→ **TASK OBJECTIVE**
Look through the records below for the line with "Hairclip – self-portrait-US" and the line with "Coque Samsung Galaxy", then return those lines and all lines between, exactly.

→ **LISTED ENTRIES**
::::::

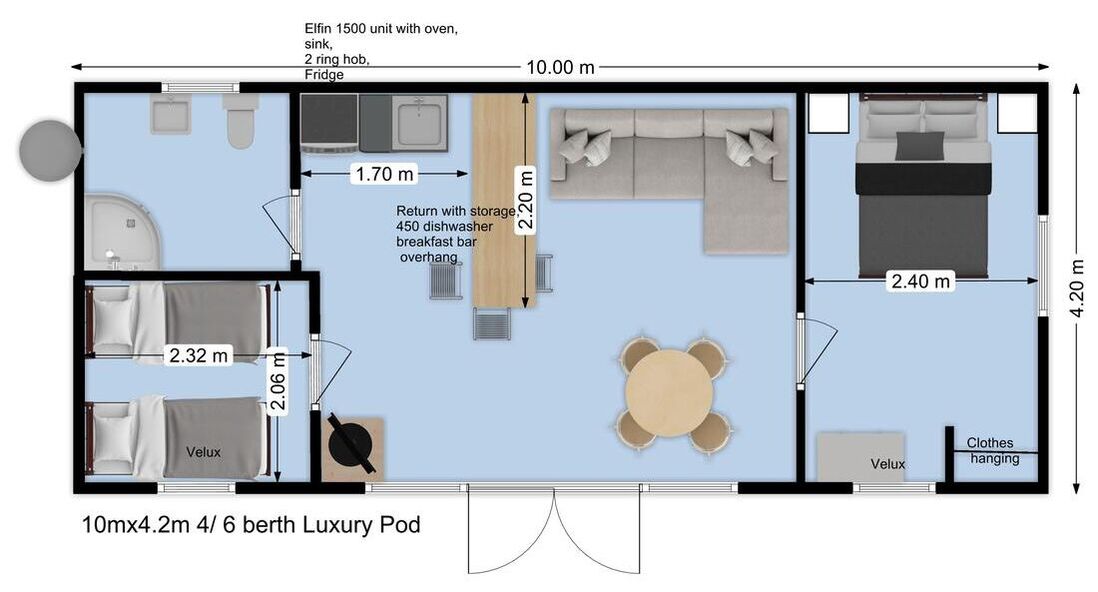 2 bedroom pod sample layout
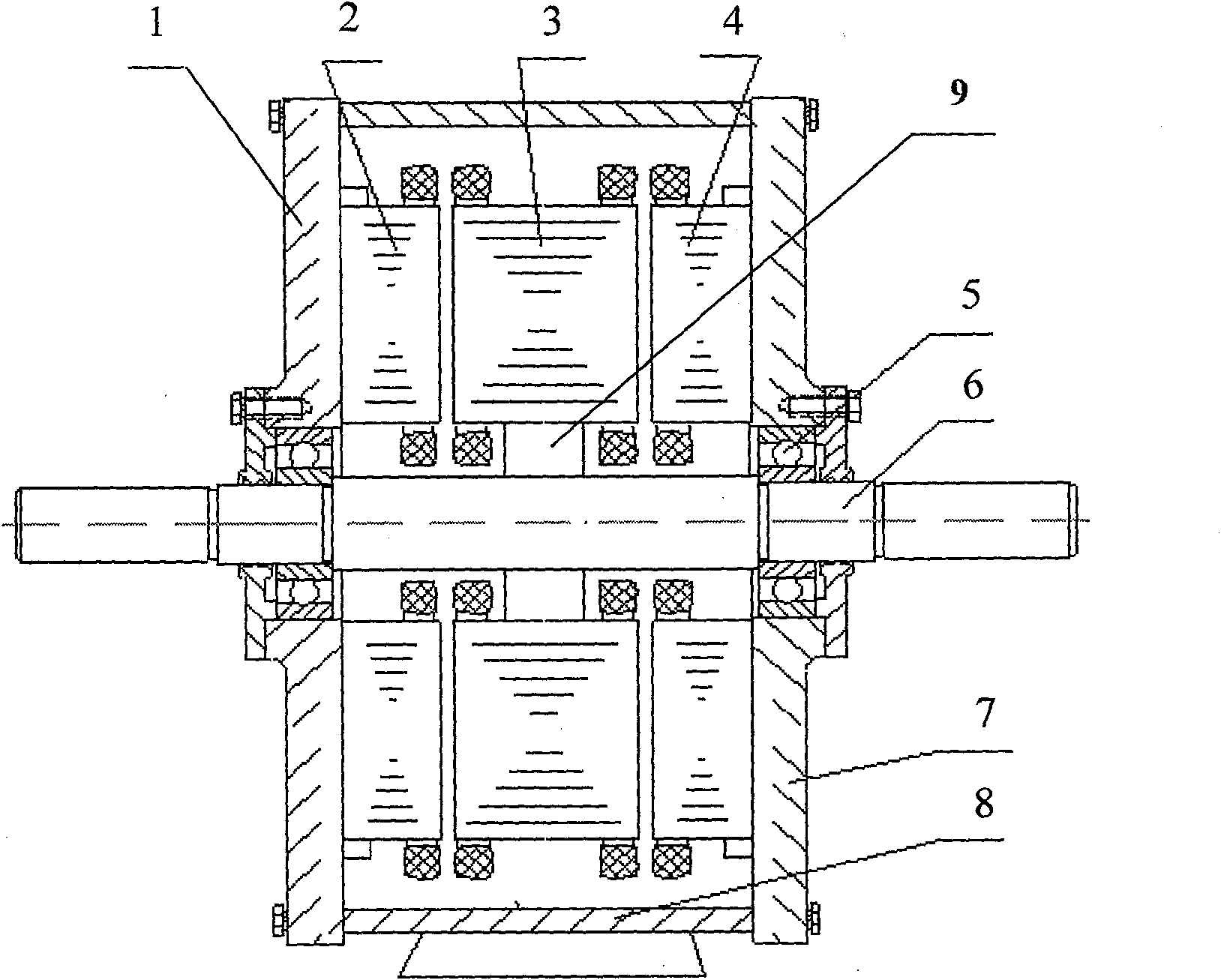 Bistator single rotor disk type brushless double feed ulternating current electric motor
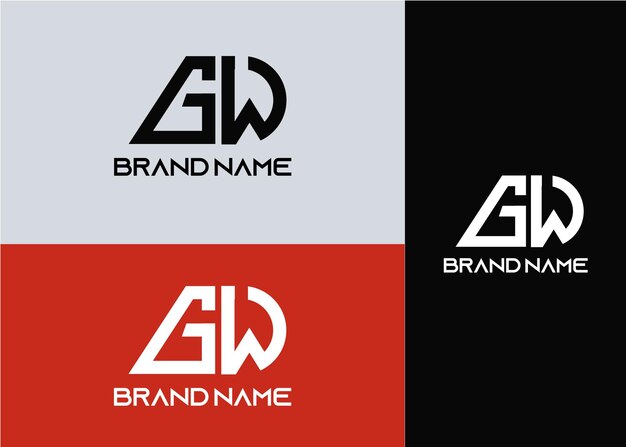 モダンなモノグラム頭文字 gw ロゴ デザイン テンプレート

::::::

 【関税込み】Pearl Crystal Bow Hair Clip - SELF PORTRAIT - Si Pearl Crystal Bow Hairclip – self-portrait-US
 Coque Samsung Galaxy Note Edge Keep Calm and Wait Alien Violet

::::::

→ **EXPECTED ANSWER**
 【関税込み】Pearl Crystal Bow Hair Clip - SELF PORTRAIT - Si Pearl Crystal Bow Hairclip – self-portrait-US
 Coque Samsung Galaxy Note Edge Keep Calm and Wait Alien Violet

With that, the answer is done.